All I can really say is that the minute your parents start pulling the my house my rules speech every time you disagree (not just with compliance but with political views, preferences, beliefs and respectable life goals) is the minute your starting to wear out your welcome in the nest. It is a signal that its a time to secure yourself (income, education, independence) and then go on to start your own life. The easier, quicker, and the more peaceful is the transition the better it is for all involved.

My parents were always the thickly walled stubborn types who pretty much would leave you alone to your own devices unless you were not following what they wanted you to. As I got older I started to question things more and more and this just made it worse and worse with the "my house my rules" games until I blew up and I got kicked out.

I was pretty much locked away from about 12-16 so I had a very different experience that clashed alot with my parents when I got out (though I carried out my responsibilities as required including being punished if i didn't make "hospital corners" on my bed, and good marks, chores, working when I could, etc). It wasn't easy either with alot of mental health issues that were difficult to manage, but it wasn't really a responsibility issue that I could remember (as I carried everything out to the best I could).
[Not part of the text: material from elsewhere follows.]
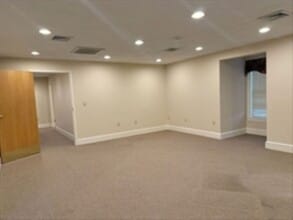 1624 Sudbury Rd, Concord, MA for lease Interior Photo- Image 2 of 12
I was in the hospital twice in fact because of this and I guess my parents thought by refusing to let me come home the medical staff would put me back in residential care so they wouldn't have to deal with me anymore (as I was in no way prepared to live on my own then and my ability to make my own income is questionable) so first time it came between a group home and getting disability and the second time, when the authorities were involved it was a group home or I moved out on my own with negotiated assistance under a contract.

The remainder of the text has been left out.